We will see more of this distribution later.
# Characteristics of probability distributions
## Probability density function {#sec-prob-dens}
{{< include _def-pdf.qmd >}}
---
:::{#thm-density-vs-CDF}
## Density function is derivative of CDF
The density function $f(t)$ or $\p(T=t)$ for a random variable $T$ at value $t$ is equal to the derivative of the cumulative probability function $F(t) \eqdef P(T\le t)$; that is:
$$f(t) \eqdef \deriv{t} F(t)$$
:::
---
:::{#thm-density-sums-to-one}
### Density functions integrate to 1
For any density function $f(x)$,
$$\int_{x \in \rangef{X}} f(x) dx = 1$$
:::
---
## Hazard function {#sec-prob-haz}
{{< include _def-hazard.qmd >}}
---
{{< include _sec-survival-dist-fns.qmd >}}
---
{{< include _surv_diagram.qmd >}}
---
## Expectation {#sec-expectation}
:::{#def-expectation}
## Expectation, expected value, population mean \index{expectation} \index{expected value}
The **expectation**, **expected value**, or **population mean** of a *continuous* random variable $X$, denoted $\E{X}$, $\mu(X)$, or $\mu_X$, is the weighted mean of $X$'s possible values, weighted by the probability density function of those values:
$$\E{X} = \int_{x\in \rangef{X}} x \cdot \p(X=x)dx$$
The **expectation**, **expected value**, or **population mean** of a *discrete* random variable $X$,
denoted $\E{X}$, $\mu(X)$, or $\mu_X$,
is the mean of $X$'s possible values,
weighted by the probability mass function of those values:
$$\E{X} = \sum_{x \in \rangef{X}} x \cdot \P(X=x)$$
(c.f. <https://en.wikipedia.org/wiki/Expected_value>)
:::
---
:::{#thm-bernoulli-mean}
### Expectation of the Bernoulli distribution
The expectation of a Bernoulli random variable with parameter $\pi$ is:
$$\E{X} = \pi$$
:::
---
:::{.proof}
$$
\ba
\E{X}
&= \sum_{x\in \rangef{X}} x \cd \P(X=x)
\\&= \sum_{x\in \set{0,1}} x \cd \P(X=x)
\\&= \paren{0 \cd \P(X=0)} + \paren{1 \cd \P(X=1)}
\\&= \paren{0 \cd (1-\pi)} + \paren{1 \cd \pi}
\\&= 0 + \pi
\\&= \pi
\ea
$$
:::
---
{{< include _thm-surv-mean.qmd >}}
---
:::{#thm-lotus}
### Law of the Unconscious Statistician (LOTUS)

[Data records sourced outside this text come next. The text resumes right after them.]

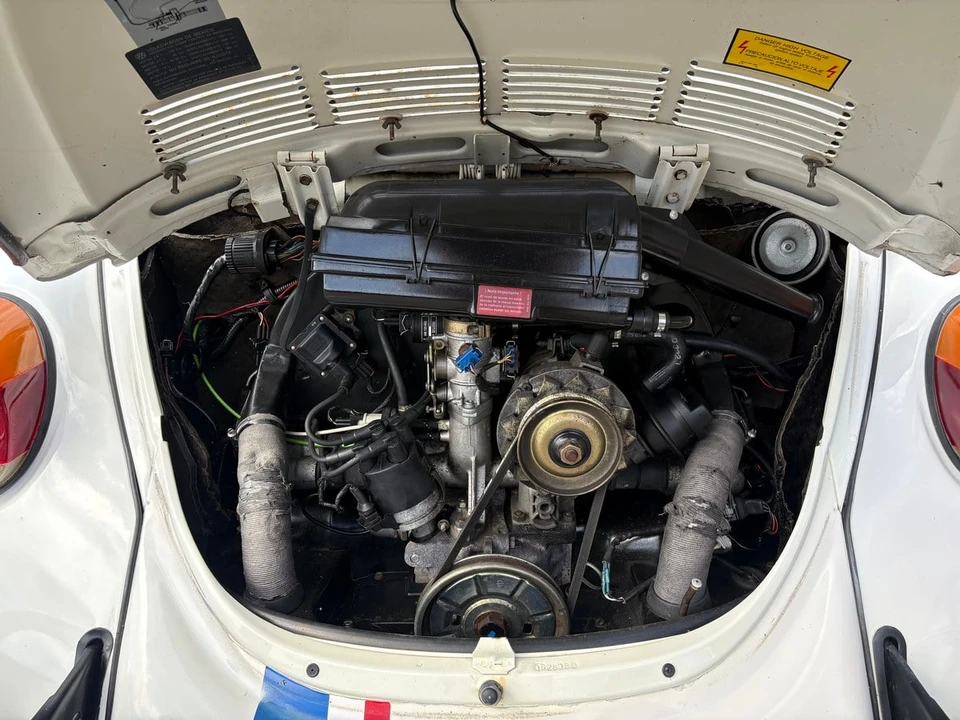 1998 Volkswagen New Beetle - Image 14 of 30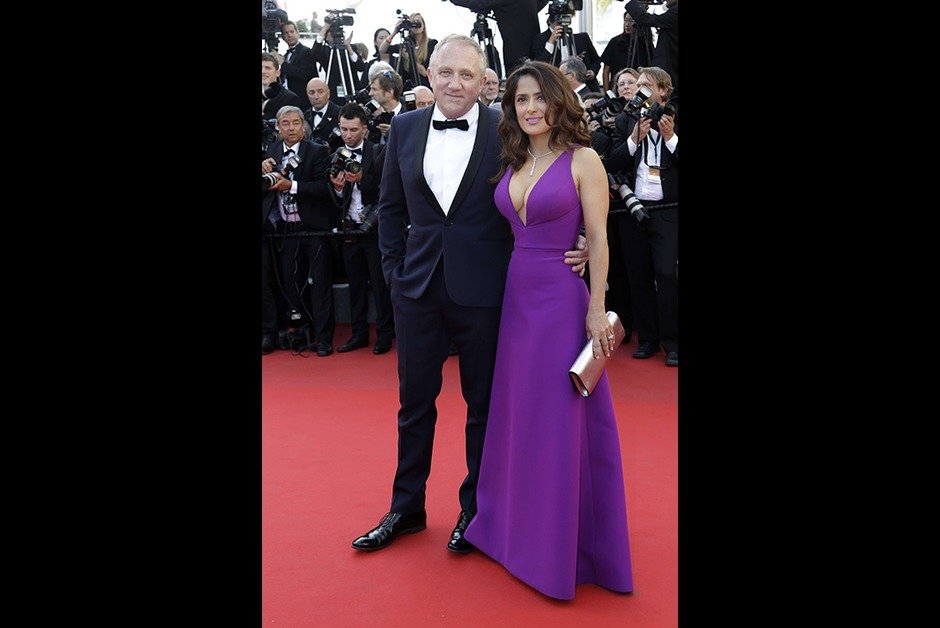 Η Σάλμα Χάγιεκ γονάτισε τις Κάννες με το στήθος της [εικόνες] | iefimerida.gr 5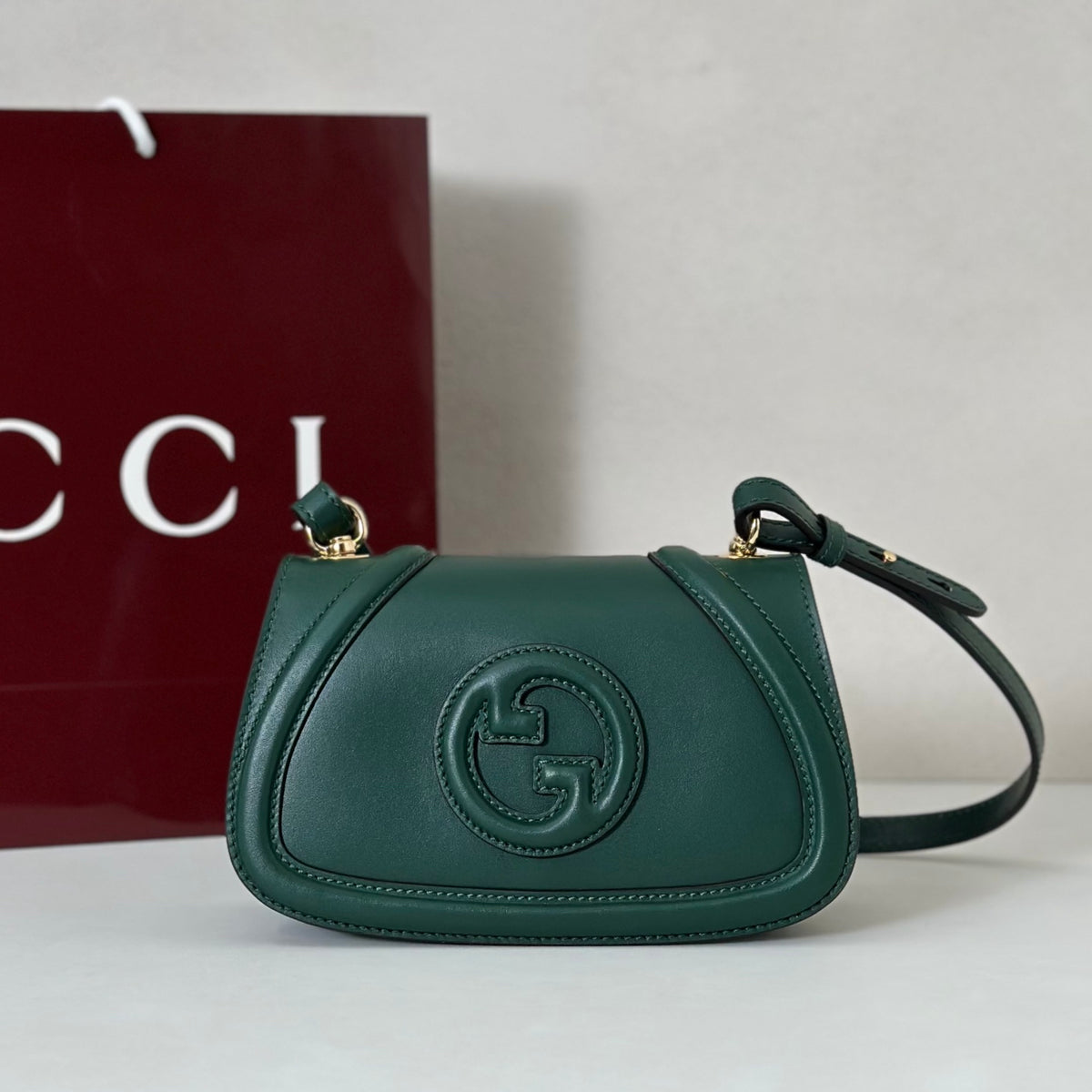 BAG #1438
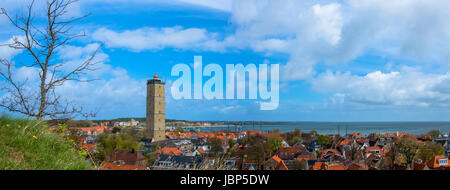 Panoramablick auf Dorf West-Terschelling mit Leuchtturm auf Terschelling, Niederlande Stockfoto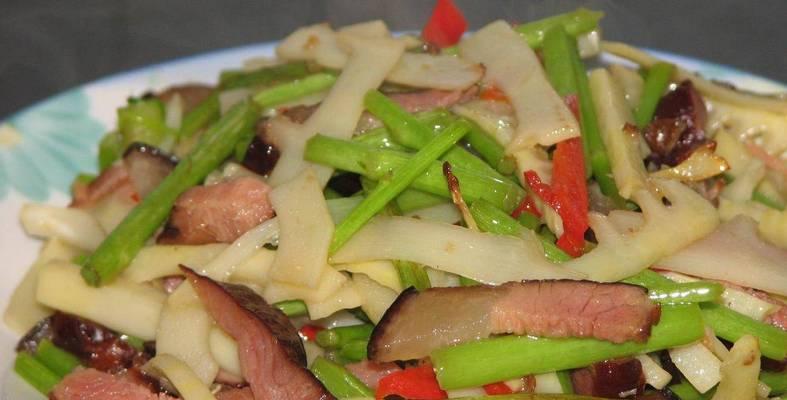 香菇笋片的美味做法（用新鲜食材轻松烹饪，让你大快朵颐）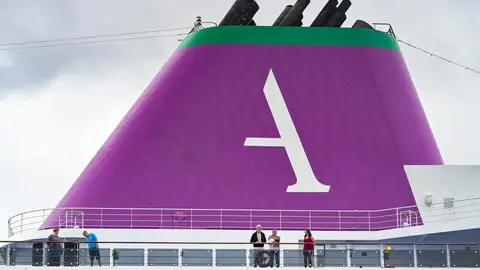 El crucero 'Ambition' atraca en Bilbao El crucero 'Ambition' atraca en Bilbao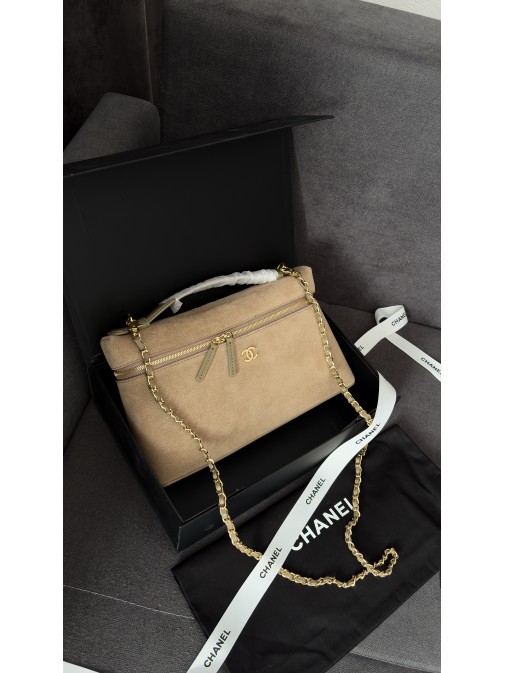 Chanel Large Vanity with Chain Grained Calfskin Chanel Large Vanity with Chain Grained Calfskin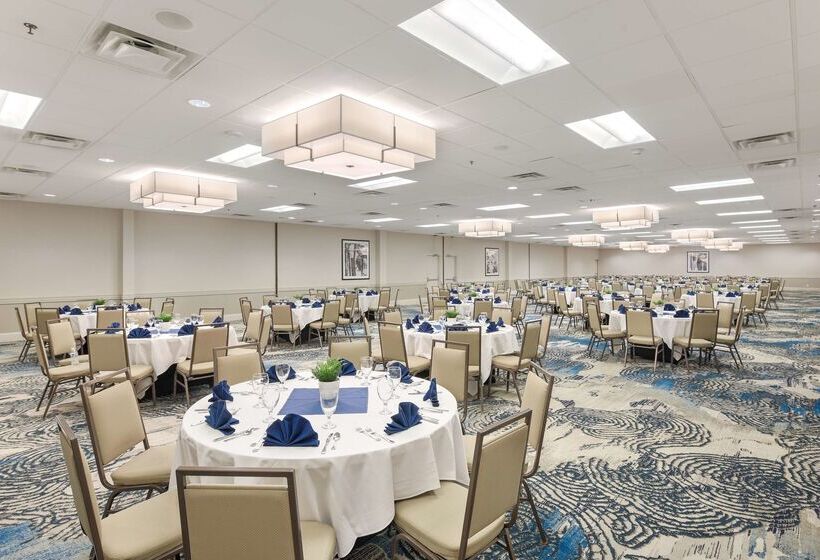 فندق Embassy Suites By Hilton Denver Tech Center North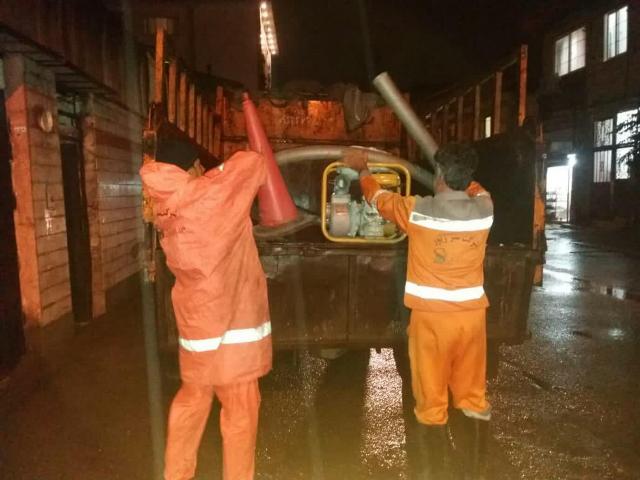 به دنبال بارش های شدید از شب گذشته؛ پاکبانان شهرداری رشت به کمک مردم شتافتند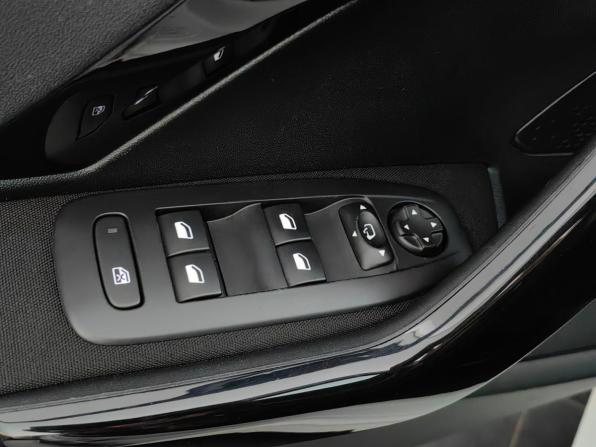 Peugeot 208 I с пробегом 2013 года, цена 619 000 рублей, 115987 км, хэтчбек, Автокод Объявления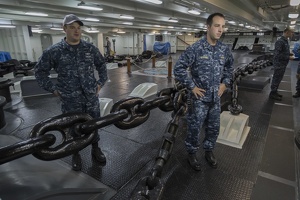 403-5867 USS Reagan - Focsle - Anchor Chain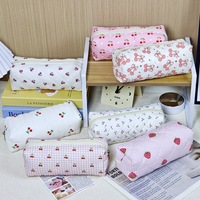 Tas Makeup Katun Quilted Gaya Korea dengan Logo Custom, Motif Ceri Stroberi, Tempat Pensil, Pouch Perlengkapan Mandi untuk Wanita dan Remaja Putri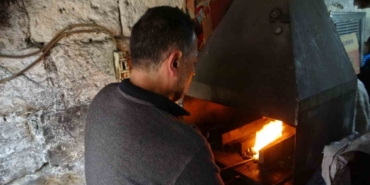 Eski yöntemlerle ürettiği kebap şişlerini 15 ülkeye ihraç ediyor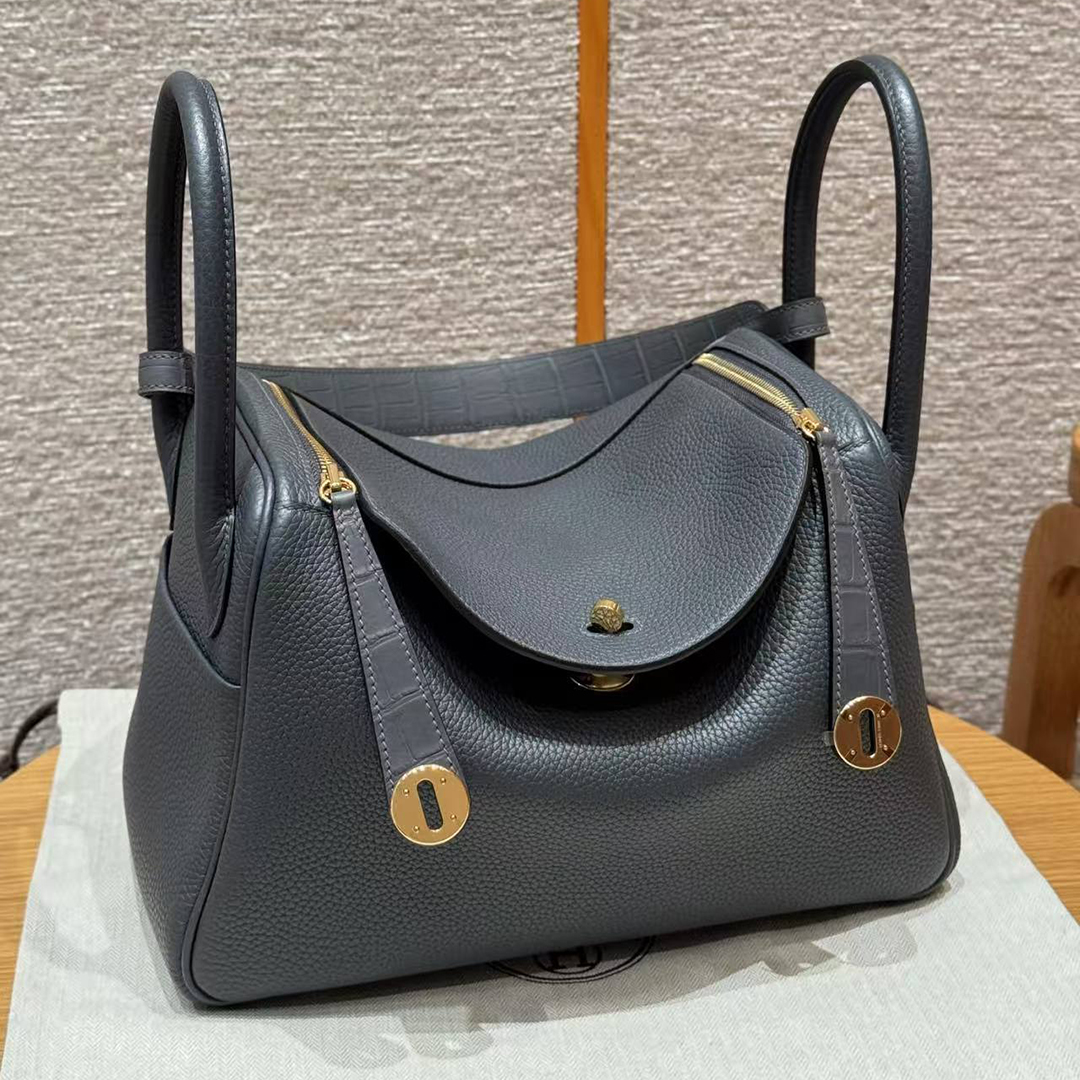Hermes Lindy 30 CM Bag Handmade In Taurillon Clemence Leather And Matte Alligator Crocodile Gold Hardware 88 Graphite - Image 16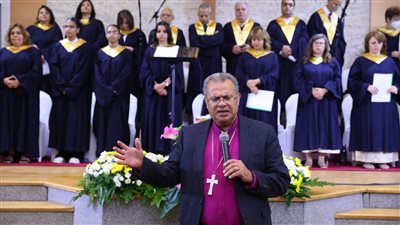 رئيس الإنجيلية يشهد رسامة شيوخ وشمامسة جدد بكنيسة القاهرة الجديدة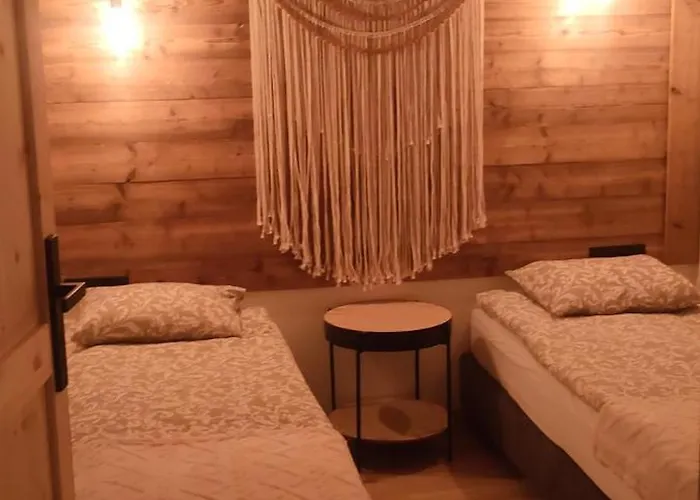 Dom wakacyjny Leśna Kryjówka W Lesie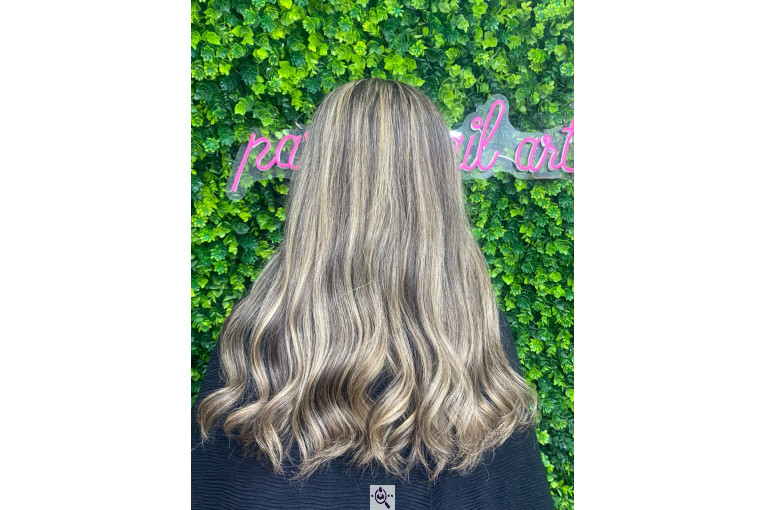 خدمات رنگ مو بهاره بهزادی در بوشهر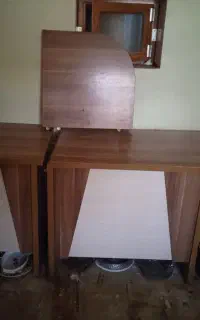 میز کار وسط دو نمونه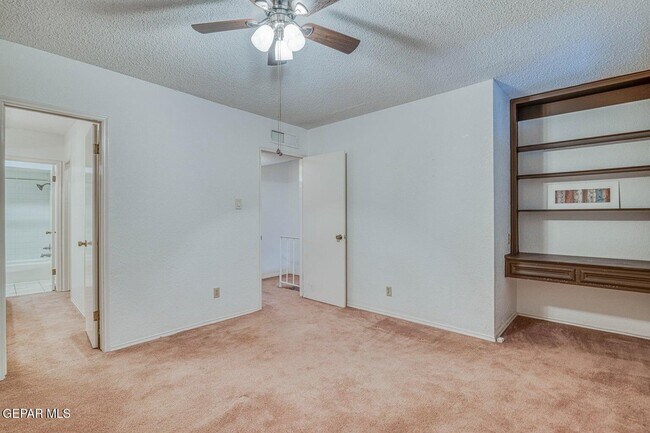 Building Photo - 6201 Escondido Dr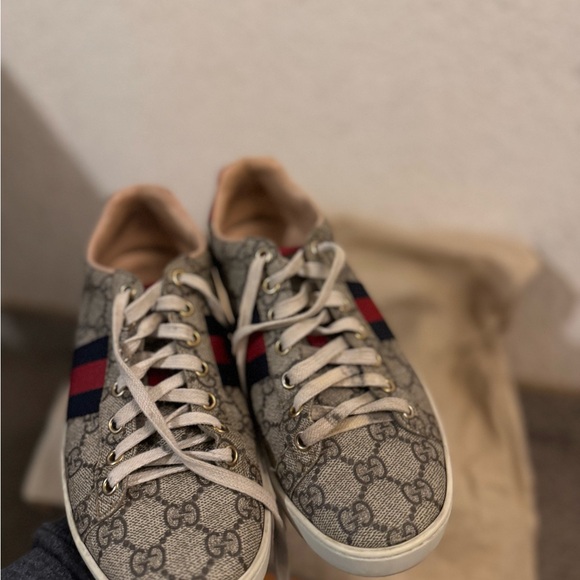 Gucci sneakers size 7 - Picture 2 of 5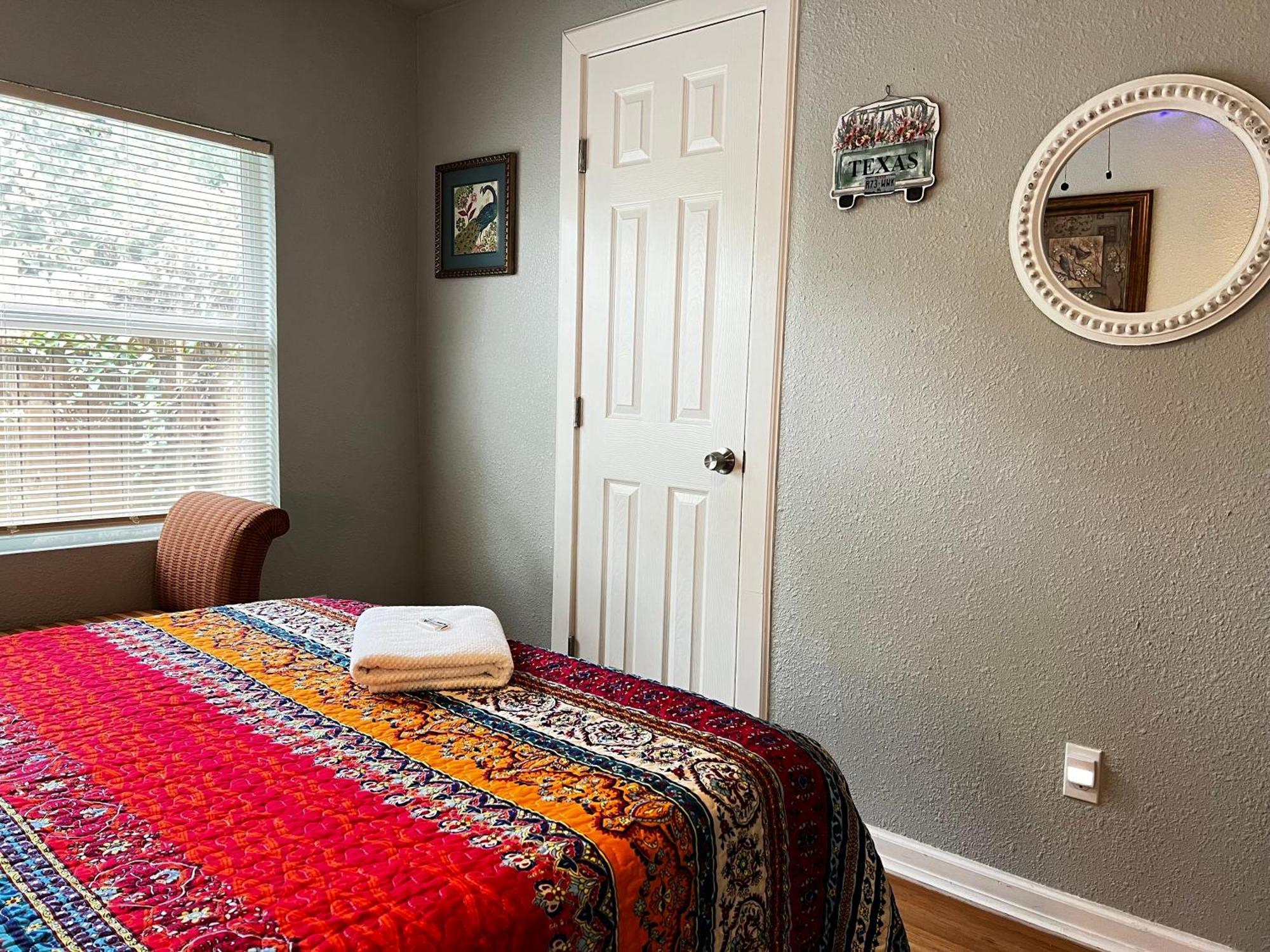 Boho Bliss- Cozy Private Room 2 Miles From Alamodome! San Antonio Eksteriør billede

For any function $g$ of a *discrete* random variable $X$:
$$\E{g(X)} = \sum_{x \in \rangef{X}} g(x) \cd \P(X=x)$$
:::
---
::: proof
Let $Y = g(X)$.
By @def-expectation applied to $Y$:
$$
\ba
\E{g(X)}
&= \E{Y}
\\&= \sum_{y \in \rangef{Y}} y \cd \P(Y=y)
\\&= \sum_{y \in \rangef{Y}} y \cd \P(g(X)=y)
\\&= \sum_{y \in \rangef{Y}} y \cd \sum_{\substack{x \in \rangef{X} \\ g(x) = y}} \P(X=x)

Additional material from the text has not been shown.